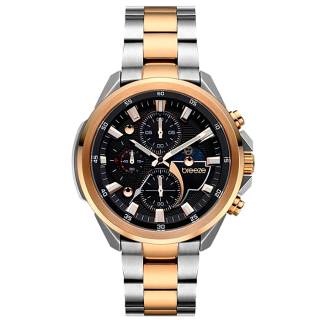 ΡΟΛΟΙ BREEZE 712112.4 BREEZE Omnius Chronograph Two Tone Stainless Steel Bracelet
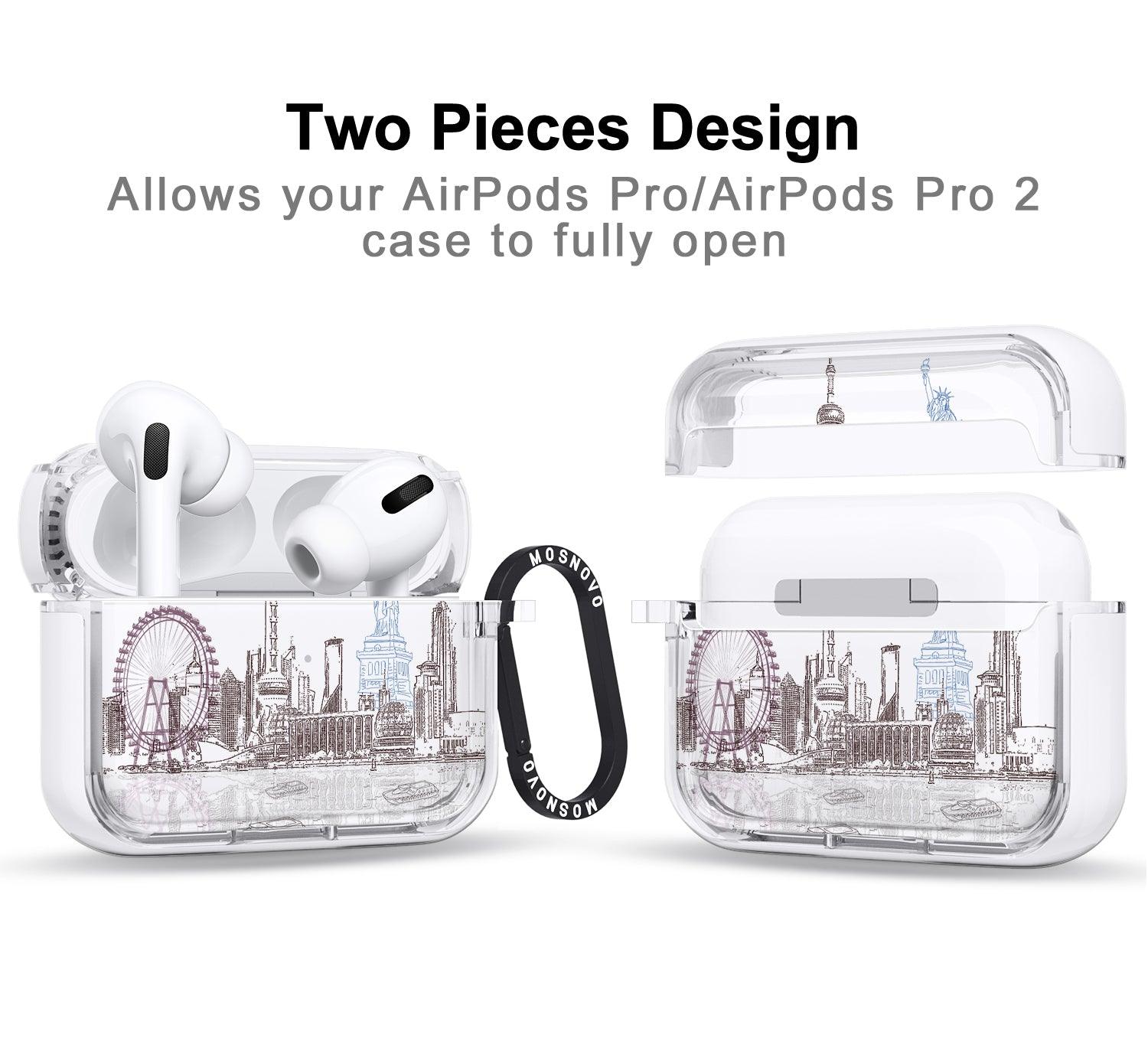 The World City AirPods Pro 2 Case (2nd Generation) - MOSNOVO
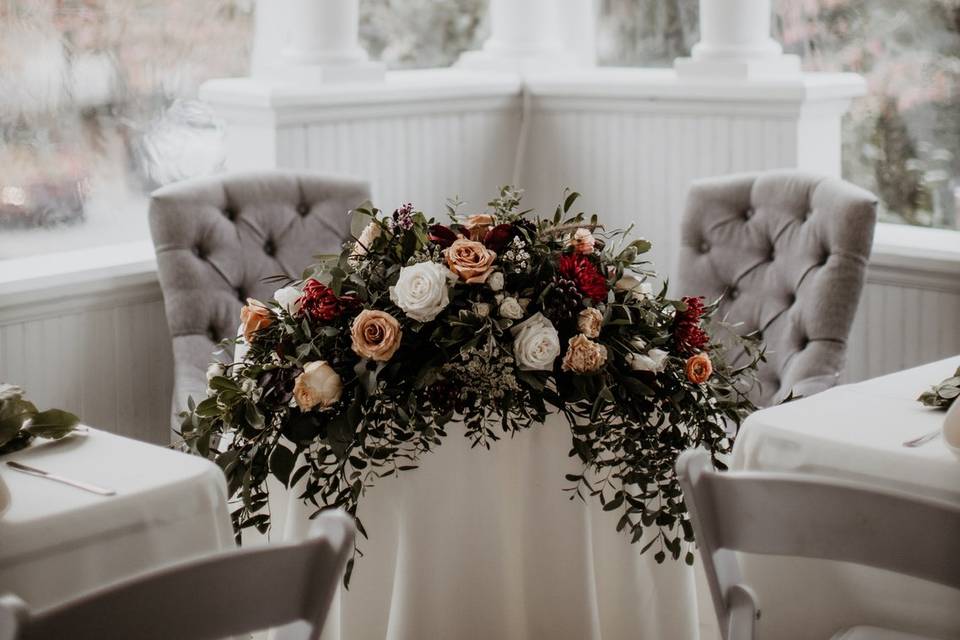 Sweetheart table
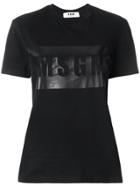 Msgm Branded T-shirt - Black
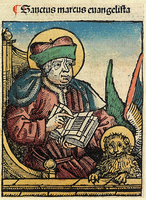 St Mark in the Nuremberg Chronicle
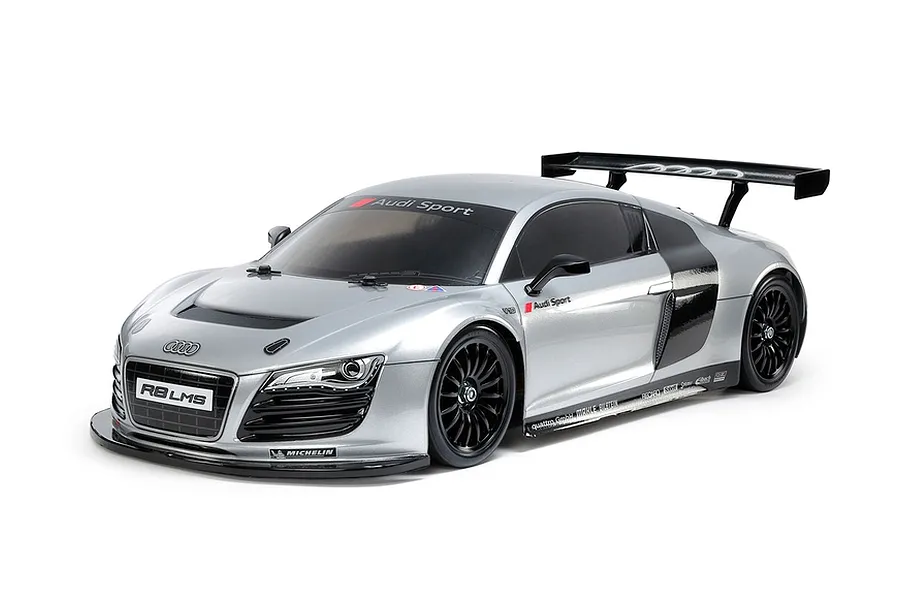 Tamiya TT-02 Audi R8 LMS 2008 RC Car Electric 4WD 1/10 Scale Kit - Silver image 140212
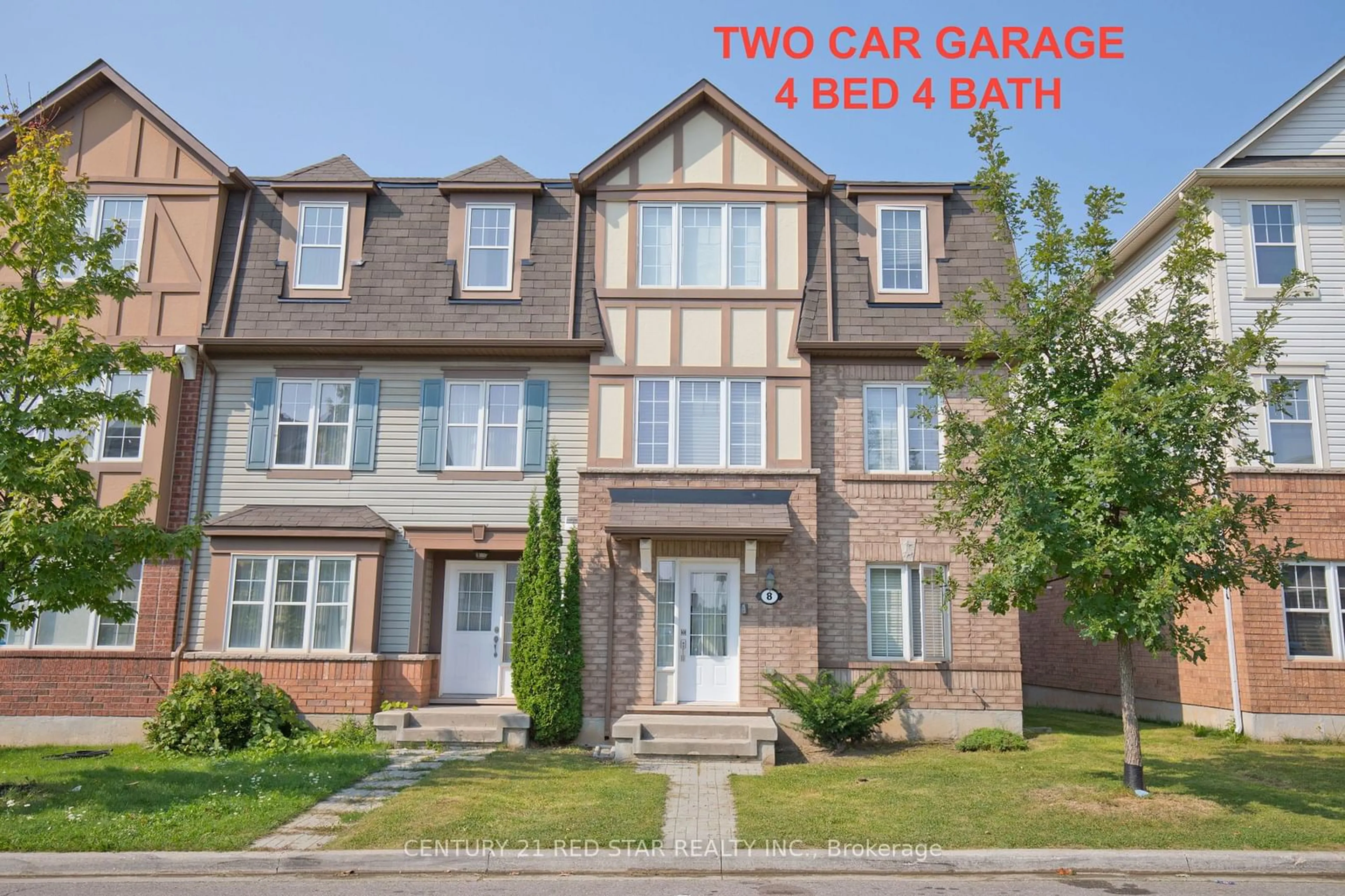 A pic from exterior of the house or condo for 8 Agricola Rd, Brampton Ontario L7A 0V1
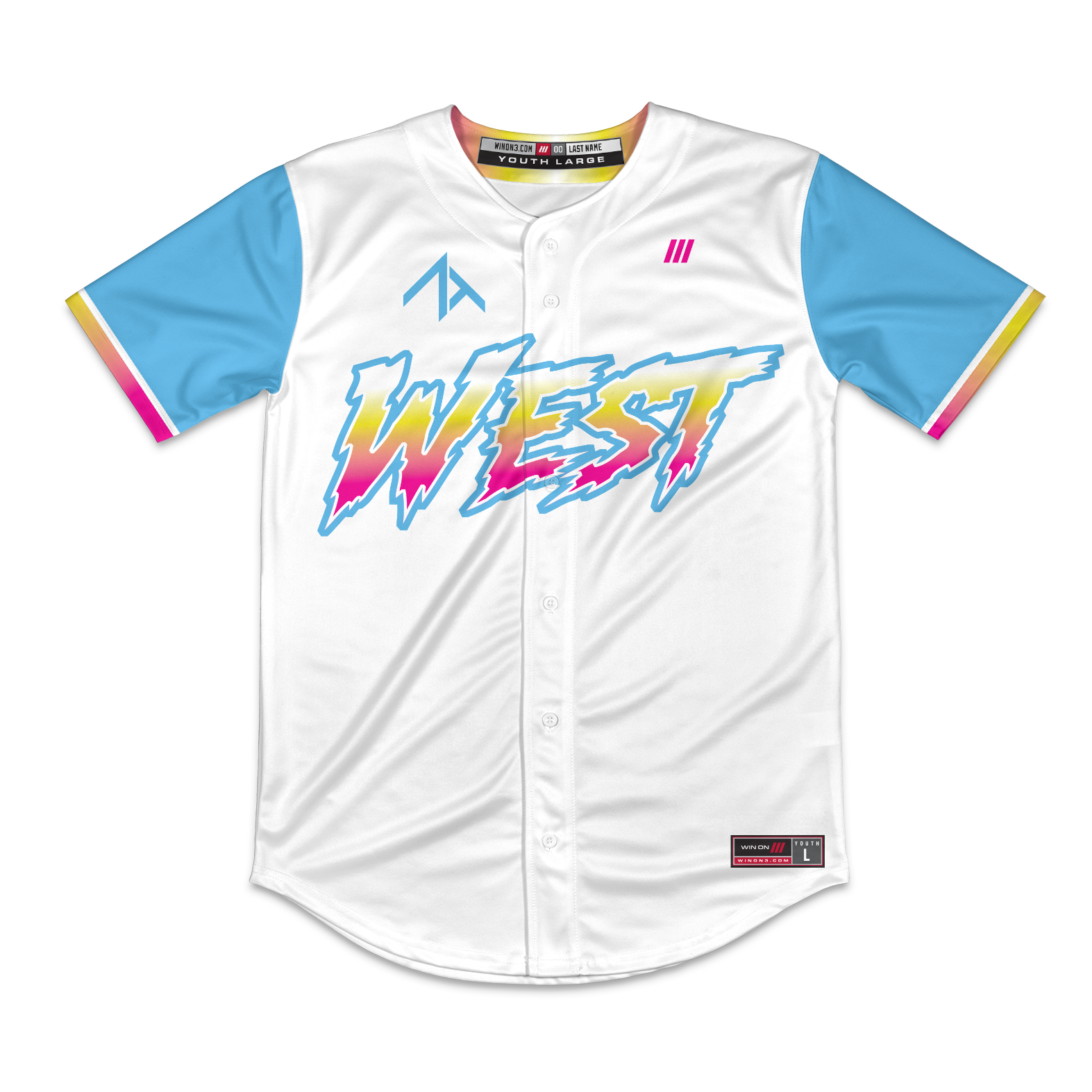ZT Prospects West Full Button Jersey (White)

::::::

Work to complete:
Produce an exact copy of the lines from the line containing "The World City" through the last line of the records, with no pictures and no other text.

Response to this exercise:
 The World City AirPods Pro 2 Case (2nd Generation) - MOSNOVO
 Sweetheart table
 Msgm Branded T-shirt - Black
 St Mark in the Nuremberg Chronicle
 Tamiya TT-02 Audi R8 LMS 2008 RC Car Electric 4WD 1/10 Scale Kit - Silver image 140212
 A pic from exterior of the house or condo for 8 Agricola Rd, Brampton Ontario L7A 0V1
ZT Prospects West Full Button Jersey (White)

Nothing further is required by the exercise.